“You take that back!”
“Freddie, it’s not a bad thing. In fact, now that I know what’s going on—”
“No,” he said with a snap and a point at my face. “I psychoanalyze you. Not the other way around. It’s a one-way street.”
“But Freddie, I think—”
He yelled—really loudly—making me freeze.
“This conversation is over.”
I opened my mouth to speak, but he snapped and pointed at me again.
“Look. I’ve said what I needed to say. I’ll apologize to Grady, and no more drinking on the job. Let’s move on. What’s the plan for today?”
I looked at him a moment longer before finally saying, “The hospital.”
“And then?”
I shook my head. “I don’t know. Maybe we should go back and talk to Mrs. Masterson, or—”
“Okay, just stop. It was a rhetorical question. And I’m too hung over to wait for you to finish,” Freddie said, dumping a bunch of sugar into one of the mugs. “I’ve already got our next step all planned out.”
I scrunched my face in question.
“Two steps ahead, Erica.” He tapped the side of his head.
A moment of silence passed as Freddie handed me my coffee.
“Well, are you going to tell me?”
He shook his head. “Not yet. Right now, I want you to tell me about what happened with Matthew last night.”
I rubbed my face. “He doesn’t know if his mother’s guilty or not.”
“And what about him?”
I raised an eyebrow.
“Does he know if he’s guilty?”
I sighed and took a long sip from my mug. “He’s not the murderer, Freddie. I now know for sure.”
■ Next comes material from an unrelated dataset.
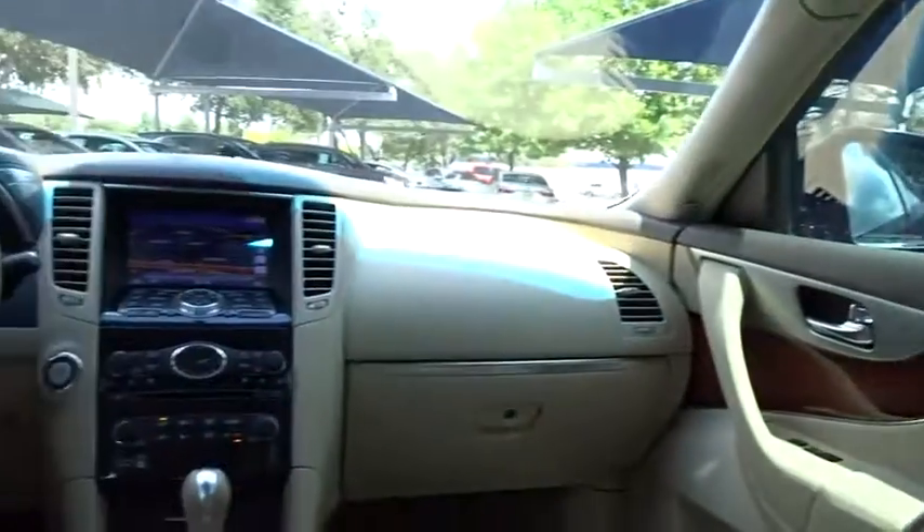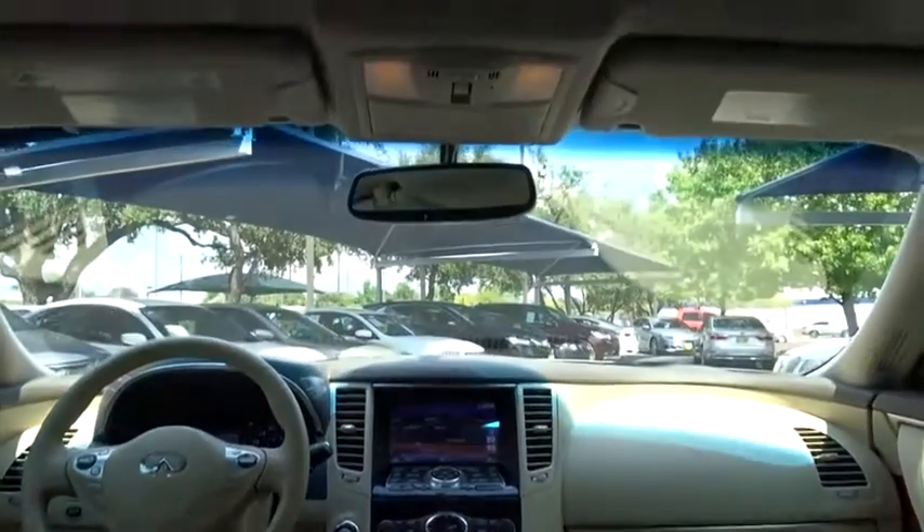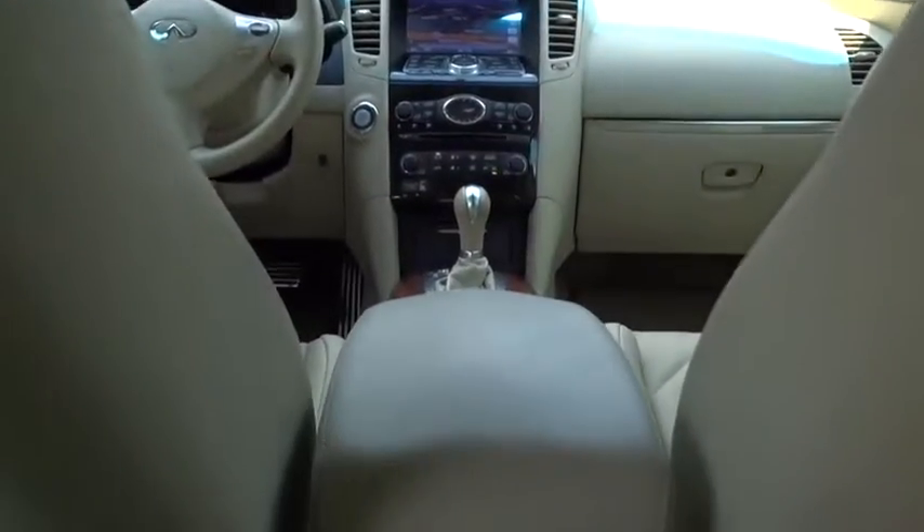Keyless entry, backup camera, stability control, traction control, power passenger seat, anti-lock braking system, steering wheel audio control, leather-wrapped steering wheel, Bluetooth, power steering, adjustable steering wheel, floor mats.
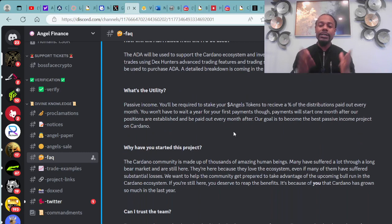You'll be required to stake your angel tokens to receive a percent of the distributions paid out every month. You won't have to wait a year for your first payments — payments will start one month after positions are established and be paid out every month after.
“And how exactly do you now know for sure?”
“Because the universe just wouldn’t make it that easy for me.”
* * *
We tried to get in to see Kit Kat, but the nurse informed us that she wasn’t allowed visitors, and seeing as I wasn’t officially family, she wouldn’t even give me an update.
I waited until we got back to the parking lot before asking, “So now will you tell me where we’re going?”
“We’re following up on a lead.”
“What lead?” I asked getting into Freddie’s old GMC, Jimmy. It was the same one he’d had back in high school. He was a little sentimental about it.
“Well, remember how Marg said we just had to ask anyone in town over fifty what the deal was with Mrs. Masterson’s father, Mr. Ramsbottom?”
“You can stop saying it like that,” I said. “I get it. It’s a weird name. Ramsbottom.”
“See? You can’t resist it either.”
I half smiled. “Before you continue, I forgot to tell you. Matthew told me last night that there was something going on between his dad and Marg.”
“No way!” Freddie shouted, hitting the wheel with his palm. “Shut up!”
“For years.”
“Well, I guess that explains why she hates Tweety,” Freddie said, tapping his finger in the air. “Okay, but anyway, I called Ms. Robinson last night—”
“That late?” I asked. “Do you often call librarians in the wee hours of the morning?”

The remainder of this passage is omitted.